Le projet de parc textile que le groupe chinois Shengtai envisage d’implanter au Maroc a franchi une étape en Chine. Le 15 août, les autorités de la province du Hunan lui ont accordé un certificat d’investissement à l’étranger ainsi qu’un avis d’enregistrement auprès de la commission chargée de la réforme et du développement. Ces validations permettent au groupe de poursuivre la préparation de son implantation marocaine.
L’investissement pourrait atteindre environ 246 millions de dollars. Ce chiffre représente toutefois une enveloppe maximale : le montant définitif dépendra des dépenses engagées au cours de la réalisation du projet.
Shengtai prévoit de construire un parc industriel textile présenté comme « vert », destiné à fabriquer des fils de coton, des tissus et des vêtements haut de gamme. Cette base doit renforcer les capacités de production internationales du groupe et compléter sa chaîne d’approvisionnement hors de Chine.
Le projet n’est pas récent. Les organes de gouvernance de Shengtai l’avaient approuvé lors de réunions organisées en mars et avril 2025, ouvrant la voie à la conclusion d’un accord d’investissement avec le Maroc. Ses principales caractéristiques avaient ensuite été communiquées à la Bourse de Shanghai.
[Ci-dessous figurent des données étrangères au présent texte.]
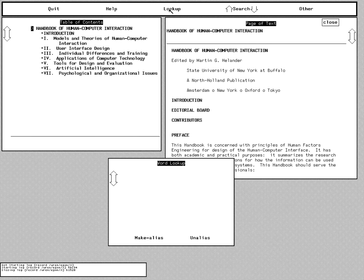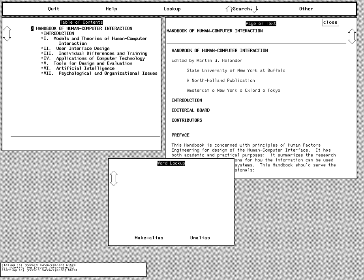Hello, and welcome to a demonstration of Superbook. Superbook is a hypertext document browser that incorporates certain enhancements to text that were researched in the Cognitive Science Research Group at Belcor. The whole idea with Superbook is to take any text that you might have. As you can see,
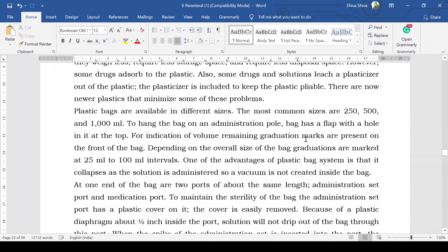Graduation marks are present on the front of the bag for indication of volume remaining, marked at 25 mL or 200 mL intervals depending on the overall size of the bag. One of the advantages of the plastic bag system is that it collapses as the solution is administered, so a vacuum is not created inside the bag. This makes administration easier and faster.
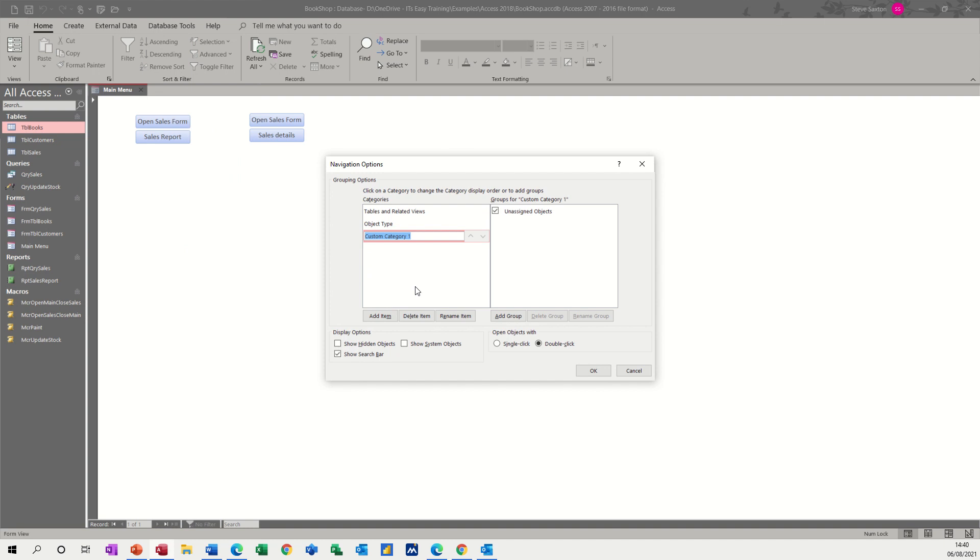So I'm going to call this 'Steve,' my group. And then in there, you've got unassigned objects, which is a default which basically sits at the bottom.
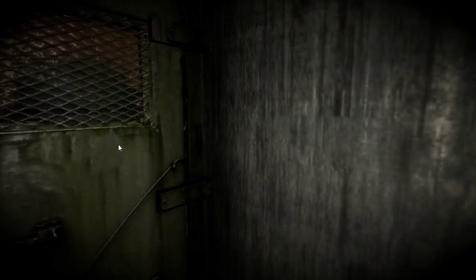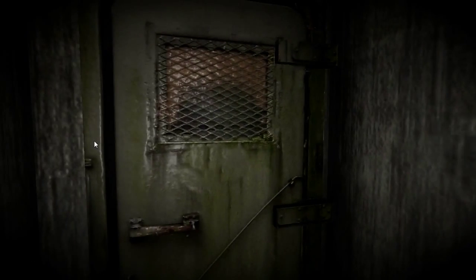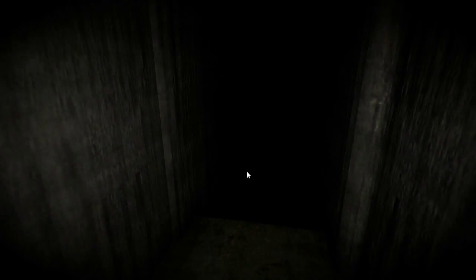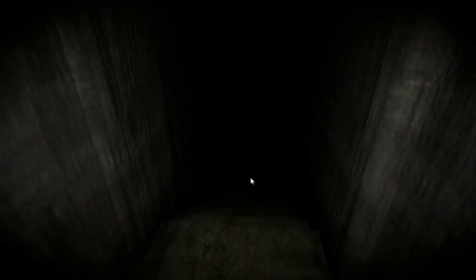Item number SCP-TAC-087. Object Class: Euclid.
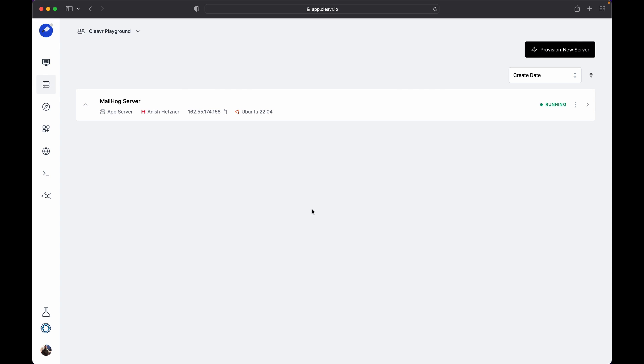MailHog is an email testing tool for developers. It runs on an SMTP server which catches any messages sent to it. With MailHog, we are able to see our test emails in a web interface instead of the inbox, and we did not have to worry about remembering the test email addresses.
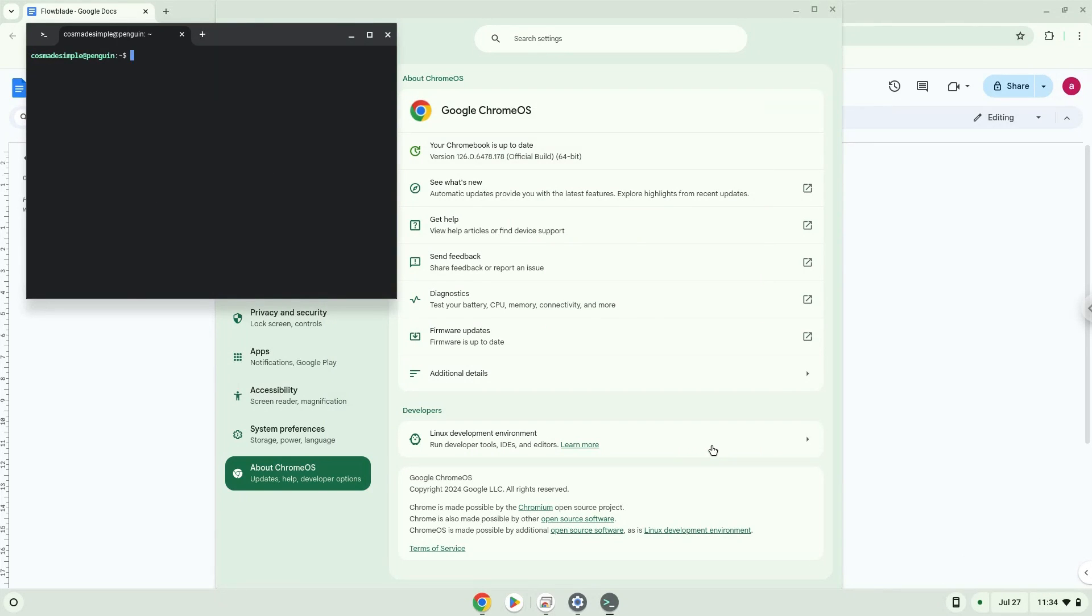Now that we have enabled Linux apps on our system, we will continue to the next step, which is to run several commands in a terminal, which will install the application. All the commands are in the video description.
Malgré les autorisations obtenues dans le Hunan, la réalisation du complexe reste incertaine. D’autres procédures doivent encore être achevées et Shengtai reconnaît que la conjoncture économique, l’évolution du marché textile, la gestion du chantier ou les difficultés éventuelles de partenaires pourraient entraîner un retard, une modification, voire l’abandon du projet. Une hausse des capacités sans débouchés suffisants pourrait également peser sur les résultats financiers du groupe.
Le montage financier n’est pas définitivement arrêté. Shengtai envisage de mobiliser ses fonds propres, de recourir à des emprunts bancaires ou de combiner plusieurs sources de financement. Une construction progressive devrait limiter la pression immédiate sur sa trésorerie. Le projet apparaît donc avancé sur le plan réglementaire chinois, mais son exécution effective dépendra des autorisations restantes, du financement et des perspectives commerciales du secteur textile mondial.
POURQUOI C’EST IMPORTANT: Cet investissement s’inscrit dans la nouvelle trajectoire des relations sino-marocaines, désormais marquées par des investissements massifs chinois dans le royaume chérifien. Du textile aux véhicules électriques en passant par l’industrie pneumatique, les investissements chinois au Maroc sont diversifiés et riches. Le Maroc expérimente ce que beaucoup de pays d’Afrique subsaharienne espèrent voir.